The utterly creepy, one note on purpose Vivarium could not better timed for the desperation of our socially distanced situation.

The set up for this sci-fi thriller is fast. Vivarium doesn’t waste any time on character development or excessive backstory. None of those things are important as this couple could be anyone. Teacher Gemma(Imogen Poots) and boyfriend handyman Tom(Jesse Eisenberg) are looking to find a house and start their lives together. They stumble into a storefront for Yonder a seemingly idyllic suburban community where Martin an endlessly chipper and stilted salesman convinces them to make a house call.

Quickly upon arrival, they realize the community is not for them but find themselves unable to leave. All attempts result in the return to their house numbered 9. Running, burning, giant messages all mysteriously fail. A box with vacuum-sealed provisions and then more ominously an infant that grows at an accelerated rate appears in the street in front of their house. It feels like a malignant and emotionally devoid sociopath wants to conduct an experiment. As time marches on Tom and Gemma fall into predictable patterns. Monotony will literally kill you.

Vivarium is a bizarre trip through a nightmarish normal. Everything from the performances, especially by an exhaustive Poots, to the cinematography by MacGregor is designed to put the viewer in the same suburban Innerspace as Tom and Gemma. Shot frame within a frame with forced symmetry it is reminiscent of the sublime technicolor horror/comedy Greener Grass. Every set feels as artificially wrong as the situation Tom and Gemma find themselves in. The film written by Garret Shanley and Lorcan Finnegan who also directed has a ton to say about gender roles and the complacency of suburban life. Most of that messaging is through one increasingly claustrophobic vignette after the next. It is subversive with a capital S. Vivarium is a surprising sharp dissection of the horror of tedium.

This is a view of middle-aged life that is not pretty. The drudgery of parenthood and marriage is taken to their farthest conclusion and it isn’t comfortable. Clearly Shanley and Finnegan do not have a positive view on this type of life. If life was as terrible as it appears in Yonder, I would totally agree. For some maybe it is. For Tom and Gemma who are literal prisoners to their forced lives and indulged child, it definitely is.

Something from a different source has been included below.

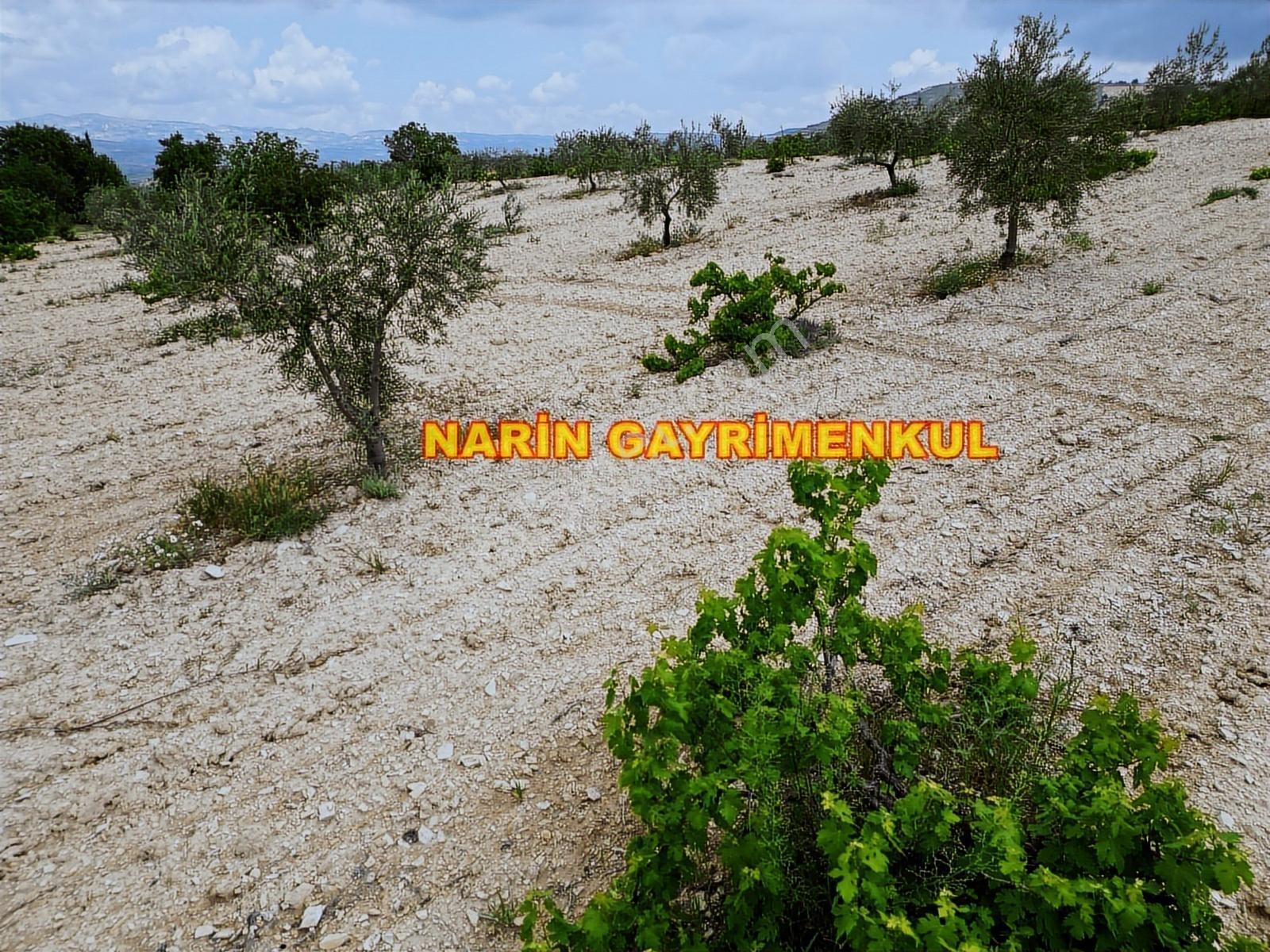 **fırsat Arazi**şahinbey Ufacık Ta 150 Zeytin 150 Üzüm Resmi Yol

Adulting sucks and Vivarium wants to show you just how bad.

The cast is tiny and relies heavily on the skills of Jesse Eisenberg, Imogen Poots, Senan Jennings, and Eanne Hardwicke. Each person has a very specific part to play and without each component, the film would collapse in on itself under the weight of the weirdness. There is plenty of said weirdness. Gender and life tropes are blunt objects to be wielded with brute force by the capable cast.

There is no doubt from the first moments that home is not where the heart is. A cuckoo bird invades a Robin’s nest and shoves all the other baby birds out. Cuckoo birds do it with mimicry which comes chillingly into play later and total determination. The alien invasion of nature is unnatural and Vivarium lives and dies in those murky waters. Robin’s eggs are a specific blue which is the same shade as Martin the real estate agent’s car. The track housing all painted the same nauseating green that is just one shade off that distinct blue-green makes your teeth ache. The turfed yards are empty of personal effects and the house only sports paintings of the house itself. It is someone or something’s terrible idea of suburbia.

Tom and Gemma seal their fate when they drink the flavorless champagne and strawberries. Eating or drinking in Hades traps you there and Tom and Gemma find themselves committed to their new lives. Nods to Greek mythology are sprinkled throughout. Persephone ate pomegranate seeds while in Hades and a gardener ratted her out. In punishment, she turned him into an owl which is the air freshener in Gemma’s car. Additionally, the Sisyphean job of digging to freedom Jesse undertakes is as futile as it is soul-sucking. That is the black heart of the story. Traditional, old fashioned men work tirelessly, sometimes to their death. Isolated and impotent they are frustrated and incapable of love. Women are lonely and underappreciated as they care for the children and keep house.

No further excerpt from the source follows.